Bahraini Dissidents Deem What Happened in Tunisia a Coup D'état

2021-08-01 - 8:52 p

Bahrain Mirror (Exclusive): Bahrainis, like the rest of the world, are following what is happening in the Tunisian Republic, after the Tunisian president, with the help of the country's military and security forces, dismissed the government and suspended the Parliament, in the first strongholds of the 2011 Arab Spring.

It is noteworthy that most opposition figures classified what was going on in Tunisia as a coup d'état. Bahraini opposition figure Ibrahim Sharif wrote: "Ending the only democratic experience in the Arab world is a plan to eliminate all hope of change," noting that pinning the mistakes of the experience on only the Ennahda [ Movement] aims at populist mobilization, as was the case with Egypt's democratic experience.

"The public's attitude towards coups can be understood [as] people who have lost their livelihoods and lost hope in corrupt or incompetent ruling elites, drifting behind populist slogans of a tyrannical ruler or opportunistic officer. But what drives educated elites to support coup d'état adventures?"

"What is important about the Tunisian situation is respect for the constitution, democracy, the circulation of power, and that it's not a repetition of the Egyptian situation" Fadel Abbas, former president Al-Wahdawi tweeted. He went on to say that Tunisia is a democratic Arab country that is renewable only once every five years; has a new president and different government; a case we hope spreads in the Arab world and doesn't change regardless of the developments.
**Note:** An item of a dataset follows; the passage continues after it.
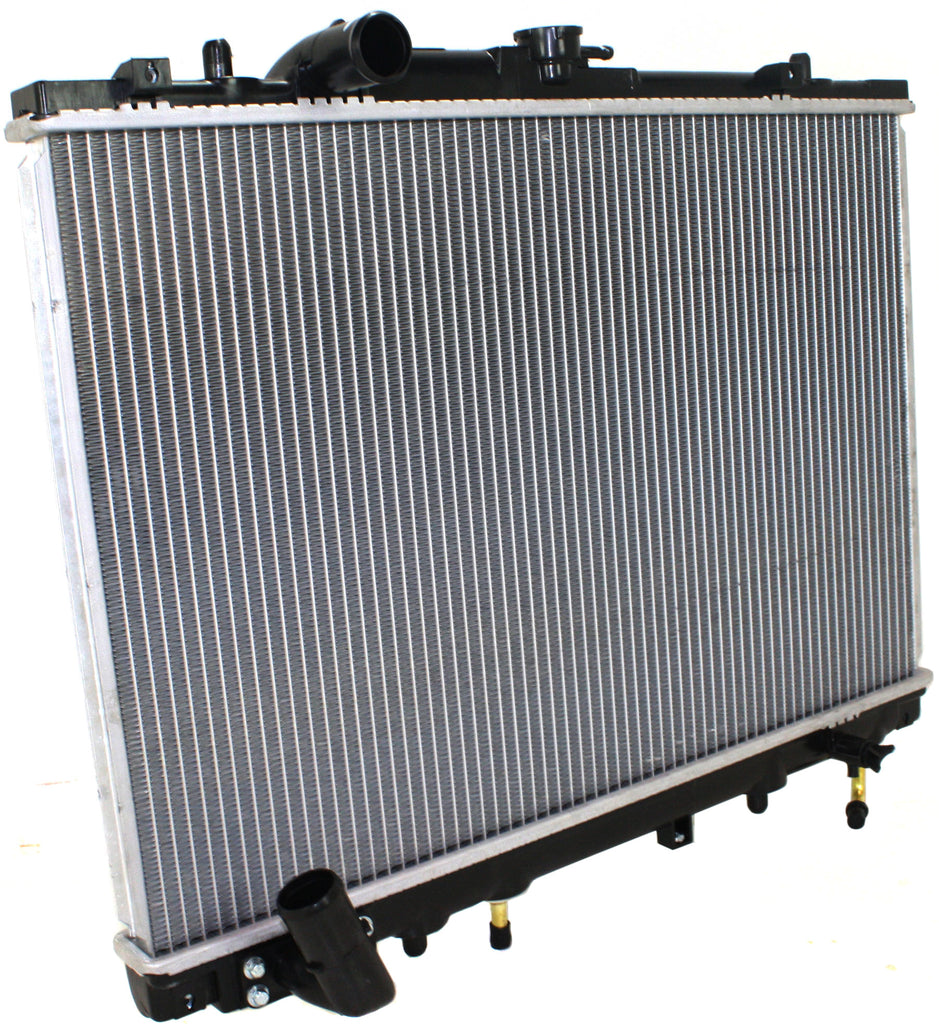 MONTERO SPORT 97-03 RADIATOR, 6cyl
Adel Marzouk, editor-in-chief of Eye on Gulf Initiative - the Gulf House, was frank to say that the secular forces and left-wing groups that stand with Ennahda's political and security liquidation will face the same fate. Options are clear; respect for the State, its institutions and the provisions of the Constitution, resorting to early elections or accepting the dictatorship and its provisions.

Human rights activist Abdulnabi Al-Ekri said that "the dream of the Jasmine Revolution in Tunisia is democracy and a successful exception to the Arab Spring revolutions. This dream is dissipated by the coup d'état of President Qais Said on state institutions and the undermining of fragile democracy. Correction is required, not a coup d'état and the monopoly of power. The people of Tunisia will not squander its revolution."

Journalist and writer Abbas Bou Safwan described what is happening in Tunisia as "a full-fledged coup d'état which is strongly condemned. The Arabs are retreating with this step, and tyranny is winning. We hope that Tunisians regain their revolution and address their differences in accordance with the Constitution which Said staged a miserable coup d'état against."

Figures close to the Bahraini government expressed satisfaction with the decisions of the Tunisian president, Said Al-Hamad wrote some tweets gloating against Rashid Ghannouchi. Meanwhile, it was clear that Sawsan Al-Shaer supports the coup and is against democracy from the tweets that she chose to retweet.

"This pledge is historic and important, so that the reintroduction of the constitution is not delayed, and that not every Tunisian president repeats the experience. Let this be a unique experience in Tunisian political history, this is important for Tunisia and all Arab countries and societies, the legitimacy of the so-called freeze, derived from the goal of establishing the democratic path," lawyer Abdullah Hachem said.

Assistant Undersecretary in the Ministry of Education Mohammad Mubarak wrote on Twitter: "Real experience in the Arab world has shown that the Muslim Brotherhood is the first enemy of the peoples, and that once it acquires the government system in any country, whether in whole or in part, it is filled with corruption and subversion."

On the other hand, it became clear that members of the Muslim Brotherhood in Bahrain (Al-Menbar) are conservative, as none of them have expressed any position, or even retweeted any tweet rejecting the coup against the democratic process in Tunisia, where their ally Ennahda had the largest share.